The legislation being hailed as an affront to net neutrality took a step forward in the House on April 15 against the wishes of consumer rights advocates and interest groups.
Despite the win for U.S. House of Representatives Bill 2666, a likely presidential veto presents a significant challenge for the bill’s supporters and their efforts to limit the Federal Communications Commission’s oversight of broadband Internet rates.
At first read, the so called No Rate Regulation of Broadband Internet Access Act lays the groundwork to limit the FCC’s authority over broadband Internet rates, but opponents say the proposed rule would put the rights of consumers at risk.
According to Craig Spiezle, president and founder of the Online Trust Alliance, the legislation would have the potential to create what he calls a “privacy divide” in the larger telecommunications space.
If companies were to offer two sets of rates — one in which lower cost was tied to limited data privacy and another in which higher rate payers were protected — Spiezle said those with less ability to pay could be forced into accepting less in the way of online privacy protection.
For Spiezle, the right to information afforded by a reliable and affordable Internet connection has become not unlike the other utilities we rely on for daily life. He likens access to the Internet to the ability to turn on a faucet for clean water.
A coalition of at least 30 other organizations feel the same as Spiezle, not to mention the advisors to President Barrack Obama, who believe the president should veto the bill if it reaches his desk for a signature.
In a letter to Speaker of the House Paul Ryan and Democratic Leader Nancy Pelosi, the group of consumer rights advocates and interest groups said the vaguely worded proposal could put consumer data at risk in exchange for an affordable connection.
“There is a difference between ensuring that consumers’ right to control their personal information is not contingent on income level, and rate regulation — setting the prices broadband providers may charge for service. The broad language in H.R. 2666 fails to recognize that difference, putting consumer privacy at risk,” the collective wrote on April 13.
The Electronic Frontiers Foundation (EFF), who was also a signatory on the letter to House leaders, said in a statement on its website that the legislation would "undermine the authority of the FCC's ability to enforce key net neutrality protections."

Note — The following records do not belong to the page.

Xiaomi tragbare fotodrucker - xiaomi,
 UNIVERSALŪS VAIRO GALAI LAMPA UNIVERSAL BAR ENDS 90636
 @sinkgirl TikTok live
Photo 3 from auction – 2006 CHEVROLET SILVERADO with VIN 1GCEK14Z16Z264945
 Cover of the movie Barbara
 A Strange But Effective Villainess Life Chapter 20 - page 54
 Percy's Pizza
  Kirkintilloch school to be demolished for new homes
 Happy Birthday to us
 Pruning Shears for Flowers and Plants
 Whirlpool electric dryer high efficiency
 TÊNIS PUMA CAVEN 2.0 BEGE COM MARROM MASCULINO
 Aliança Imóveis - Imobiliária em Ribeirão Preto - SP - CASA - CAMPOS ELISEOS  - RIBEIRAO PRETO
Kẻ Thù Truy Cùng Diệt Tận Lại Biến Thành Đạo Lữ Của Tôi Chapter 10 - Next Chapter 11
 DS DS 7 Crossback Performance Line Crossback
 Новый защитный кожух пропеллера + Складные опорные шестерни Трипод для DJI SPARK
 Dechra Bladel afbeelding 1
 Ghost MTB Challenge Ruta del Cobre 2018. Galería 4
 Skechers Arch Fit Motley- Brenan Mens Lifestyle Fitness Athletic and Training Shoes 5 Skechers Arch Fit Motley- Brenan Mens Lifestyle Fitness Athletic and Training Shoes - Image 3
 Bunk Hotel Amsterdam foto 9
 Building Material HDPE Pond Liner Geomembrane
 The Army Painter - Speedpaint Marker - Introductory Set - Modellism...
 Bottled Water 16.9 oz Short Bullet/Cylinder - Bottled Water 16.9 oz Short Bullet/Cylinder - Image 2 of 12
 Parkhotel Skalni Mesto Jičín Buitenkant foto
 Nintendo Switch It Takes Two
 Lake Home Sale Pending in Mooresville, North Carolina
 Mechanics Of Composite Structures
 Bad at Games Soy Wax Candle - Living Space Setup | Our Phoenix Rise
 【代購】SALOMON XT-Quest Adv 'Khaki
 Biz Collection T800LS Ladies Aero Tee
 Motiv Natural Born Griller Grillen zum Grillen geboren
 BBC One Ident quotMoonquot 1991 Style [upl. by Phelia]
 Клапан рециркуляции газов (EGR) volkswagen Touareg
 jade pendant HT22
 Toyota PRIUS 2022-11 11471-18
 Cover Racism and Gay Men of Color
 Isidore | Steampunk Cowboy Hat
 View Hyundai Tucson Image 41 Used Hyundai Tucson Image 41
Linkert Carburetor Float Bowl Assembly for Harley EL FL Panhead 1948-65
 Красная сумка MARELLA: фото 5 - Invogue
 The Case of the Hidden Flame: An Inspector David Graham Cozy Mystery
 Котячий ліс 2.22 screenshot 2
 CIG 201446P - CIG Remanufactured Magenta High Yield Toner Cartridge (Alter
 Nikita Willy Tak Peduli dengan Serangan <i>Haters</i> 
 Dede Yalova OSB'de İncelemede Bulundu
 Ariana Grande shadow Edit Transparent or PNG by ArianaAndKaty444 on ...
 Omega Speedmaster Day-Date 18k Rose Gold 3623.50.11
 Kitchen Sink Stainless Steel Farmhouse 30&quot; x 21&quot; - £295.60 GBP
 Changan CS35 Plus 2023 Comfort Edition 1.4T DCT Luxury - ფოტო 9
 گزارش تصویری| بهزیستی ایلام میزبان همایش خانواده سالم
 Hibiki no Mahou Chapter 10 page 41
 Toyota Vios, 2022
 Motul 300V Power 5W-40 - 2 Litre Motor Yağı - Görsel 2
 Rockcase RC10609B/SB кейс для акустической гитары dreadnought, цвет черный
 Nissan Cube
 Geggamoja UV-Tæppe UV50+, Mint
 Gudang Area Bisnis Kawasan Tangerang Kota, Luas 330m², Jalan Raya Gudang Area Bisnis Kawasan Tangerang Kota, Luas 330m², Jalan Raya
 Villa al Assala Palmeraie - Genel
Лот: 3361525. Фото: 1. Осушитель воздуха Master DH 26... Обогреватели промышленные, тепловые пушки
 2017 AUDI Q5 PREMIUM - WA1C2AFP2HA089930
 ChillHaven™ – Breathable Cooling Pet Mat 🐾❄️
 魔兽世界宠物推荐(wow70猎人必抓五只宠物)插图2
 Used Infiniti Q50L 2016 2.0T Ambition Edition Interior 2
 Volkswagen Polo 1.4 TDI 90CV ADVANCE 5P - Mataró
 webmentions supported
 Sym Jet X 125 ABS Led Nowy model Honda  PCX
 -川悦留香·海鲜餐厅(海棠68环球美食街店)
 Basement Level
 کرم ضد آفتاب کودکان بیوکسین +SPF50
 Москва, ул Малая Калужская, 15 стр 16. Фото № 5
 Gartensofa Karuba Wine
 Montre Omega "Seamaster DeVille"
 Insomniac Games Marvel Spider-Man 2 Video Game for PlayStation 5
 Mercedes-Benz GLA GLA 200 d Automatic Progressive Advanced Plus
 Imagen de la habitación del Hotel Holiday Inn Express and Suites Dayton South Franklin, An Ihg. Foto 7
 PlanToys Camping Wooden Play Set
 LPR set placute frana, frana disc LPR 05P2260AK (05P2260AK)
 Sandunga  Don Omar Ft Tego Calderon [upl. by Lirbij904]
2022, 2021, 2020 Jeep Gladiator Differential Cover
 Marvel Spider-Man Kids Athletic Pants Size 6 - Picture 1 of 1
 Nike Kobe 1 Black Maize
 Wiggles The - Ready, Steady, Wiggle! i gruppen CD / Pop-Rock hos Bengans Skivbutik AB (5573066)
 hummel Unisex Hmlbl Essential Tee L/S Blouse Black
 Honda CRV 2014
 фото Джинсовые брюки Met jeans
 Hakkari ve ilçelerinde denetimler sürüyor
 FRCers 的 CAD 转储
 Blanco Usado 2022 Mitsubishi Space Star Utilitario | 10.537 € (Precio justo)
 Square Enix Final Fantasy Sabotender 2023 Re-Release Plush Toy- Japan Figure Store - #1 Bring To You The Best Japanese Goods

“The problem is that the bill is worded in such a way that it could be used to keep the FCC from enforcing many important protections of users’ rights. At best, H.R. 2666 is a poorly written bill that brings a host of unintended consequences. At worst, it’s a calculated attempt to undermine the net neutrality principles we’ve all been fighting for,” EFF wrote.
The vote comes roughly a month after FCC Chairman Tom Wheeler proposed a rulemaking notice regarding consumer privacy, transparency and choice.